Было бытие. Тьма вещей во множестве пустила корневища и корни, образовались ветви и листья, зеленый лук и подземные грибы. Сочная трава ярко заблестела, насекомые встрепенулись, черви зашевелились, все задвигалось и задышало. И это уже можно было подержать в руке и измерить.
Было небытие. Смотришь – не видишь его формы; слушаешь – не слышишь его голоса; трогаешь – не можешь его схватить; смотришь вдаль – не видишь его предела. Свободно течет и переливается как в плавильном котле. Бескрайне, безбрежно. Нельзя ни измерить его, ни рассчитать. Все слито в Свете.
Было предначало бытия и небытия. Оно обнимает небо и землю. Формует тьму вещей, составляет великое единство с тьмой хаоса. Никакая глубина или ширина не могут выйти за его пределы. Рассеченная осенняя паутинка, раздвоенная // ость не могут служить ему нутром. Не имеющее стен пространство, в нем рождается корень бытия и небытия.
Было доначало предначала бытия и небытия. Небо и земля еще не разделились. Инь и ян еще не отделились. Четыре сезона еще не расчленились. Тьма вещей еще не родилась. Оно ровно и покойно, как морская пучина. Оно чисто и прозрачно, как безмолвие. Не видно его очертаний. Свет решил вступить в это небытие и отступил, растерявшись. И сказал: «Я могу быть и не быть[156], но не могу абсолютно не быть. Когда оно становится абсолютным небытием, то достигает такой тонкости, что ему невозможно следовать!» [157]
Огромная масса наделила меня формой, истощила меня жизнью, дала мне отдых в старости, покой – в смерти. То, чем хороша была моя жизнь, делает хорошей и мою смерть. Если спрятать лодку в бухте, а гору – в озере, скажут, что это надежно. А в полночь Силач взвалит их на плечи и умчится с ними. А спящие и не узнают. Потому что есть место, куда скрыться. А если спрятать Поднебесную в Поднебесной же, то куда тут скрыться! Разве не так же и с вещами? [158]
Само обладание человеческой формой уже приятно. Но человек является в результате тысячи изменений, тьмы превращений, которым нет предела.
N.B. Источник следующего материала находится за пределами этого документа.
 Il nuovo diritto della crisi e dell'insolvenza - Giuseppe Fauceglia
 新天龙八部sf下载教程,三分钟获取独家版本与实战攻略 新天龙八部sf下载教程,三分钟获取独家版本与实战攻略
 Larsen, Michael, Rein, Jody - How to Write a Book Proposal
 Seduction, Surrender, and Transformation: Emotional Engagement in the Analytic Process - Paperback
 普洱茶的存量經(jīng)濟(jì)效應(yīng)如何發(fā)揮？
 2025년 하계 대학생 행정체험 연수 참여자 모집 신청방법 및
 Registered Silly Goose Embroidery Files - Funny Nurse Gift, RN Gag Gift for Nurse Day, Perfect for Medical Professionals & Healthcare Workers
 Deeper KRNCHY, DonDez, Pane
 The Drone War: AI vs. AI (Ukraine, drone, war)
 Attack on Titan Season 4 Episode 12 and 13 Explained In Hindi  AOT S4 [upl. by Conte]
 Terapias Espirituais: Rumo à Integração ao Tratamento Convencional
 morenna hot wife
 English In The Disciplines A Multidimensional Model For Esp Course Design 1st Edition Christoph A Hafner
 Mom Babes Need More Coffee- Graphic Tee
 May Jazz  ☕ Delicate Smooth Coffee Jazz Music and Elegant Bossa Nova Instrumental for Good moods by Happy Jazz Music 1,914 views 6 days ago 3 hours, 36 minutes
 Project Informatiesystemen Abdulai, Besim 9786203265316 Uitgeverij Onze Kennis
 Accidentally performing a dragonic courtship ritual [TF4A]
Разрушается и вновь обновляется. Разве счесть все поводы для радости? Например, во сне становлюсь птицей и парю в небе. Во сне становлюсь рыбой и исчезаю в пучине. Хоть это и сон, но не знаю, что это сон. Просыпаюсь и только тогда узнаю, что это был сон. Ныне вдруг обретем великое пробуждение, только тогда узнаем, что все, что было до этого, был долгий сон. Когда я еще не родился, откуда мне знать о радости жизни? Ныне же, пока я не умер, откуда мне знать, что смерть не радостна? [159]
Некогда Гунню Ай помешался и в течение семи дней представлялся себе тигром. Его старший брат приоткрыл дверь, чтобы взглянуть на него. Тигр схватил его и убил. Кожа Гунню Ая приобрела раскраску зверя, ногти и зубы превратились в когти и клыки. Воля изменяется вместе с сердцем, разум изменяется вместе с формой. Когда он стал тигром, он не знал, что раньше был человеком. Когда он был человеком, он не знал, что станет тигром. Два состояния поочередно сменяют друг друга, противореча одно другому. //
Каждый находит удовольствие в той форме, в которой пребывает. Нет грани между хитроумием и тупостью, истиной и ложью – кто знает, откуда что вырастает? Вода к зиме сгущается и превращается в лед. Лед в преддверии весны тает и превращается в воду. Вода и лед чередуются, словно бегут друг за другом по кругу. Досуг ли им знать, радоваться этой своей форме или печалиться!
Когда тело испытывает страдания от холода или жары, засухи или сырости – оно изнуряется, в то время как дух крепнет. Когда же дух устает от радости или гнева, размышлений или раздумий, то он истощается, а тело полно сил. Поэтому шкура со старой кобылы похожа на высохшее дерево, а шкура молодой собаки – гладка и блестяща. Потому же душа преждевременно умершего беспокойна, а дух исчерпавшего свой жизненный срок спокоен. Отсюда следует, что тело и дух исчезают не вместе.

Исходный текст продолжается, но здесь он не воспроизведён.